At present, there are three weekly roles. Driver and Double Agent already have fairly powerful effects that may compensate for the difficulty of using a weekly role action. However, Muscle doesn’t – in most cases the action isn’t usable at all; and even when it is, it is only indirectly useful in scoring. Banker is also mostly irrelevant at the moment because its effects are limited to making words count as real words and thus usable as Tools of the Trade bridges.
This proposal is intended to make Muscle and Banker stronger – making Muscle stronger because it can now swap words that have multiple letters in common (in addition to swapping adjacent words), and making Banker stronger because the words it banks can be swapped for other words and thus become non-flavour-text. Some experiments with potential uses of this showed that allowing it with 4 letters in common made things too easy, so I went up to 5 (written as a numeral because single-digit numbers are automatically protected now).

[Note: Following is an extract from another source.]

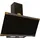 Kaiser AT 6455 s Wandhaube 60 cm Schwarz matt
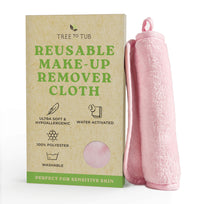 Gentle Reusable Makeup Remover Towel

This also reboots the text of Archivist so that the role actually works again.
Habanero:
“there are at least 5 different letters that appear in both words” is a little ambiguous. It’s arguably fulfilled if two words, taken together, have at least 5 different letters between them (which is almost any pair of words). Not the clear interpretation but a workable one nonetheless. I’d much prefer “the two words have 5 different letters in common”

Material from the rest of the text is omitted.